I love taking good photographs. I don’t so much like poor photography. To me there is a world of difference between taking pictures and true photography. Today we have a lot of ordinary folks “taking pictures” using simple cameras such as the ubiquitous cell phone camera. There is some good photography done with cell phone cameras, so I hold no disrespect of the tool.
Current cell phone cameras have very few controls and are extremely difficult to hold steady. So that makes them both simple and difficult at the same time. The result is a lot of mediocre quality pictures being taken by millions of unskilled people.
Not a complaint, just an observation. Perhaps it is an obscure observation as per the blog sub title. Many people love their “digital snapshots” so I have no desire to make everyone a professional photographer. It is just not a requirement. The same was probably said when the first Kodak camera made personal photography accessible.

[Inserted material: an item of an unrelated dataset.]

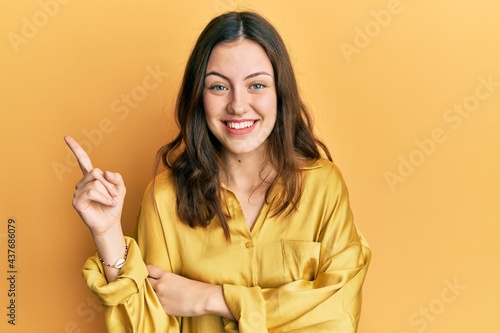 Young brunette woman wearing casual yellow shirt smiling happy pointing with hand and finger to the side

I love digital photography. I am old enough to have started with film cameras. I have no reason to go back to film. I know I have produced some very good photography with film, but the image control now available with digital beats anything in film except for very large format negatives or original positives.
I have nearly 10,000 digital photos on my computer. Probably far less than half are unique. This simply indicates I can afford to take multiple digital shots and later choose which ones are my keepers. With film shooting I was far more miserly and selective of each exposure, not wanting to “waste” film and development time and cost. Those days are gone.
My interest is in the technical image quality as well as composition of the image. I separate photographic art from pure technical image capture but I don’t declare one superior or exclusive to the other.
Cropping and editing are an integral part of the final presented image. For me everything does not have to happen in the camera. Darkroom processing (manipulation) has long been a step in the process to finished image.
There is also an art style I call “trick” photography where images are modified (edited) from the real life captured state. Removing blemishes is called retouching. That is a very minor trick. I have removed fire alarms switches from walls in wedding photographs where they distracted from the image.
Changing complete heads or adding/deleting people is more tricky than retouching but some edits are not intended to be realistic. They are just part of the creative fun.
I don’t have a personal rule that photography has to be WYSIWYG (Whizzy-wig – What you see (in life) is what you get). It’s more like WYSIWISY. (whizzy-wisy– What you see is what I show you.) The art of good photography is in the presentation. It is what makes viewing an image a total new, fresh, engaging or exciting experience. There is an almost unlimited number of ways to achieve that goal. It doesn’t always have to be a great subject. A bug on a flower can be as good a subject as a sunset in the Grand Canyon.
My photographic desire is perfect focal and light image control (camera and lens) combined with captivating subject composition and presentation. Oh, and having fun doing that over and over.